Dave Hershman
The Hershman Group
dave1@hershmangroup.com
123-456-7890

Don’t Get Shut Out of Refinancing While Rates Are Still Low

We are over the credit crisis in America.  But that does not mean that typical Americans don’t have credit challenges.  And these challenges could prevent a homeowner from refinancing at a lower rate when the opportunity arises.  

Low rates mean that many homeowners can save significant sums by refinancing their present loans. The problem is, many consumers are getting “shut out” from taking advantage of these lower interest rates.  A previous study by Credit Suisse revealed that only 38% of Americans qualified for a refinance.  Why?  Because the financial crisis has also brought tighter lending guidelines.  Many who purchased homes in the past five years can’t even qualify to refinance these homes.  We would like to help you take advantage of these low rates and not get “shut out”.  We mentioned tighter qualification guidelines.  What does it take to qualify for a mortgage at a lower rate?

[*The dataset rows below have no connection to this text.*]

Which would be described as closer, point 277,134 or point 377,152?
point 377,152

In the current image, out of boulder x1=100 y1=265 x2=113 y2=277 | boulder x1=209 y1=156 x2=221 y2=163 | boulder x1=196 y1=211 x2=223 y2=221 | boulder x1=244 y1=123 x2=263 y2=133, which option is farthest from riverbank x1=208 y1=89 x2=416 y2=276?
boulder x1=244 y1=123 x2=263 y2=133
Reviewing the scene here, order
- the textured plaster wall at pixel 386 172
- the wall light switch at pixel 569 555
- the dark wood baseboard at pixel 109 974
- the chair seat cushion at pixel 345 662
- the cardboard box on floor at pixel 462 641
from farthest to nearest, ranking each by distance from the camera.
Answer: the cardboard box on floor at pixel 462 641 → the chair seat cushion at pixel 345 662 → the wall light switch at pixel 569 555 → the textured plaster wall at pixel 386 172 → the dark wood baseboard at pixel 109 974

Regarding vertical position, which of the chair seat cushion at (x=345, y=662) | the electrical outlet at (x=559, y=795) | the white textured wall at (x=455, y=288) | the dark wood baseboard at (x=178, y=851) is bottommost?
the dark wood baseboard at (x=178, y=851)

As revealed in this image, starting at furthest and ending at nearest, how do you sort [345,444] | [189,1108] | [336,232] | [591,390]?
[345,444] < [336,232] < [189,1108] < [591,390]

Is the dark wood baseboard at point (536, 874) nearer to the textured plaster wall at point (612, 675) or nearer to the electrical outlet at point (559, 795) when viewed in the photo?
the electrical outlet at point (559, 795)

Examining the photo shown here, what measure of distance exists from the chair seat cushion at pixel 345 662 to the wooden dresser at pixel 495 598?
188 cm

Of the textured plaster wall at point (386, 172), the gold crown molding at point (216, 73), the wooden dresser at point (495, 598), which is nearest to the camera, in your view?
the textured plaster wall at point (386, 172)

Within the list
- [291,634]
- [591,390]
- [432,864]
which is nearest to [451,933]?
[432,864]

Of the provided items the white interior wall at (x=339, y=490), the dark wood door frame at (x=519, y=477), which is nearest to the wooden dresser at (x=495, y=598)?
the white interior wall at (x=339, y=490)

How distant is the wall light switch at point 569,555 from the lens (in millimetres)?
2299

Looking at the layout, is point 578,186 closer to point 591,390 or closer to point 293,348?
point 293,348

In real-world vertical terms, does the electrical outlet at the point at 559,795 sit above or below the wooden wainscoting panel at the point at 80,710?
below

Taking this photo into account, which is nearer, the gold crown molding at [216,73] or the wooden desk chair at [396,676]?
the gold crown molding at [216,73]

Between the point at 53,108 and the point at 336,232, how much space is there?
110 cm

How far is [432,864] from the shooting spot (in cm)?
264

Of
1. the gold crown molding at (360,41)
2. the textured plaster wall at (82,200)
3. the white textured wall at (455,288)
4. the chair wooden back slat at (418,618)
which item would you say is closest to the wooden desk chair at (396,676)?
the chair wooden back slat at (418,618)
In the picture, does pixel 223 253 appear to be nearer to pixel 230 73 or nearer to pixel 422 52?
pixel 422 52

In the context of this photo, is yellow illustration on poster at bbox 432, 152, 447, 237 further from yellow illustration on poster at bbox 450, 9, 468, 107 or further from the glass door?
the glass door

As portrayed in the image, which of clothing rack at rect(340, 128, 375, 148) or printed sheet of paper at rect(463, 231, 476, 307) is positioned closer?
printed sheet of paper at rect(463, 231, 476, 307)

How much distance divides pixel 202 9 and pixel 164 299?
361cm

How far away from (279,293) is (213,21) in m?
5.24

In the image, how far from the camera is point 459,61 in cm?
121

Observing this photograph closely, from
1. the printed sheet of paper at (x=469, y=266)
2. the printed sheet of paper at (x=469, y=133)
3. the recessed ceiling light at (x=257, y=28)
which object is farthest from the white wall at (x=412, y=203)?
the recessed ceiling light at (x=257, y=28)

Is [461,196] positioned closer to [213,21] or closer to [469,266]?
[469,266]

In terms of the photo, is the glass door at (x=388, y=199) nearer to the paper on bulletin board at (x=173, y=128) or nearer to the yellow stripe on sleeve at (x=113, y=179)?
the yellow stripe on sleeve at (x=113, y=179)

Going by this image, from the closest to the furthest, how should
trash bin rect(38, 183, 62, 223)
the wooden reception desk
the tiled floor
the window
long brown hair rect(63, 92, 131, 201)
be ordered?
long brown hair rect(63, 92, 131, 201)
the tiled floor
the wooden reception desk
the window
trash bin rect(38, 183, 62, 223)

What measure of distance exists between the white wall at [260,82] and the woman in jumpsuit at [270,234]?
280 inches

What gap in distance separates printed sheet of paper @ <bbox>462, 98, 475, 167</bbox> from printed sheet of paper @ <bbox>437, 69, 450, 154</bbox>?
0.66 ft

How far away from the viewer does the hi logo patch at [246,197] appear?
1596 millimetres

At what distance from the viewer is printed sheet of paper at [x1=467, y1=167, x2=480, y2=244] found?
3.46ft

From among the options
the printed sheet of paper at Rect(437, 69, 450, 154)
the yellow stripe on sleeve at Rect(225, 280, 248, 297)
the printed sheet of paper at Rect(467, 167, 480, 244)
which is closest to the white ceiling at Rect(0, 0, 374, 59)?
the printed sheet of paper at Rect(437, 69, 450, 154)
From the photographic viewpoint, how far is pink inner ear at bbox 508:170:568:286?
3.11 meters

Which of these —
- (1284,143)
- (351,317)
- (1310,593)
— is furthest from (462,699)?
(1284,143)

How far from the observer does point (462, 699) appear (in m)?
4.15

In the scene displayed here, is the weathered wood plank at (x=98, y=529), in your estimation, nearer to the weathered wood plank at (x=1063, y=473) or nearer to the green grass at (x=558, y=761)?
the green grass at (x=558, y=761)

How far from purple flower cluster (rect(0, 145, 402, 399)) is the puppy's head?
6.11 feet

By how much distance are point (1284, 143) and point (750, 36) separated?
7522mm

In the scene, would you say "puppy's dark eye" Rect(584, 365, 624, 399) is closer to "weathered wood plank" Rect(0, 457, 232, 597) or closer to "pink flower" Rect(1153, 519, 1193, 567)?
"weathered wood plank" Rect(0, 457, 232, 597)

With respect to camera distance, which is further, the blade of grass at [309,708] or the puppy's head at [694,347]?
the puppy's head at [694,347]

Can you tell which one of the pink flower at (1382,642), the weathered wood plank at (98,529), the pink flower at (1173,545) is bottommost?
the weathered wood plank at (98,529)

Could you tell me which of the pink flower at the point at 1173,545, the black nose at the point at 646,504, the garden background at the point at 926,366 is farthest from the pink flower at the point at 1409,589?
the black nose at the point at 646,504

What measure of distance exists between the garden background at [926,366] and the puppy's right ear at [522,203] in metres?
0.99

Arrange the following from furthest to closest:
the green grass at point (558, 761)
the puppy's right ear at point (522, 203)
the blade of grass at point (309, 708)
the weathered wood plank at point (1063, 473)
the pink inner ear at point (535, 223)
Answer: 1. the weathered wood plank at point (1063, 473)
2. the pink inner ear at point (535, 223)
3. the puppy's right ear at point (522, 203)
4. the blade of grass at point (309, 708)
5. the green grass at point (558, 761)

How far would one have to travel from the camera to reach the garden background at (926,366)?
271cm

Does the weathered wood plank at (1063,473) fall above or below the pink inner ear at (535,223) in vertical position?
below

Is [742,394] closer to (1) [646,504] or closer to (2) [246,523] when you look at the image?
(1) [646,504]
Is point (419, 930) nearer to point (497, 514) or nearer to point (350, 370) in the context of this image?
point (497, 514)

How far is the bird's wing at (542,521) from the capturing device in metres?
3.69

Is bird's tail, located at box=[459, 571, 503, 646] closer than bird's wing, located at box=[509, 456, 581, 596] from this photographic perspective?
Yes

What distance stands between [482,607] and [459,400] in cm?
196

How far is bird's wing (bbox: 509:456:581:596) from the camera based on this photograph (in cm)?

Credit. A good credit score is a prerequisite. During the real estate boom just a few years ago, lenders had programs for anyone of any credit level. Tighter guidelines caused those with moderate credit issues to pay more and those with severe credit issues perhaps not to get approved at all. Typical credit scores range from 500 (poor credit) to 800 (great credit). Just a few years ago, someone with a credit score of 680 was considered moderate credit and was not asked to pay more. Now many lenders are charging premiums for this “moderate” credit score. If a homeowner has a credit score below 620, they may not get approved at all and, if they do, the premiums they could have to pay could eliminate most or all of their savings.  The good news?  Just a few years ago, many could not refinance with scores higher than 620 and today your lender can help you eliminate mistakes on your credit report and put you on a path which can help you raise your score.

Income. Income is also another issue. It makes sense that lenders would verify that you have enough income to make sure you can repay the mortgage. But again, during the real estate boom years many lenders did not even ask for income data or let borrowers qualify at very low adjustable rates even if the loans were likely to adjust upward very quickly. Once again, lender tightening took away options for those who do not make enough income to pay for loans. It is a “catch-22” because refinancing at lower rates will help consumers afford their payments and avoid foreclosure.  Today, programs are starting to get more lenient by allowing co-borrowers and enabling excess assets to be counted towards income.

Debt Levels. Related to the measurement of income is someone’s debt levels. It is important to note that when a lender “qualifies” someone for a loan, that lender must look at all the payments a person is obligated to make, not just the mortgage. Americans have run up a significant amount of debt in the form of credit card, car and other payments during the past several years. And these debts are also helping to prevent qualification for low rates.  Again, this trend has been reversed more recently with many American’s paring down the debt they owe.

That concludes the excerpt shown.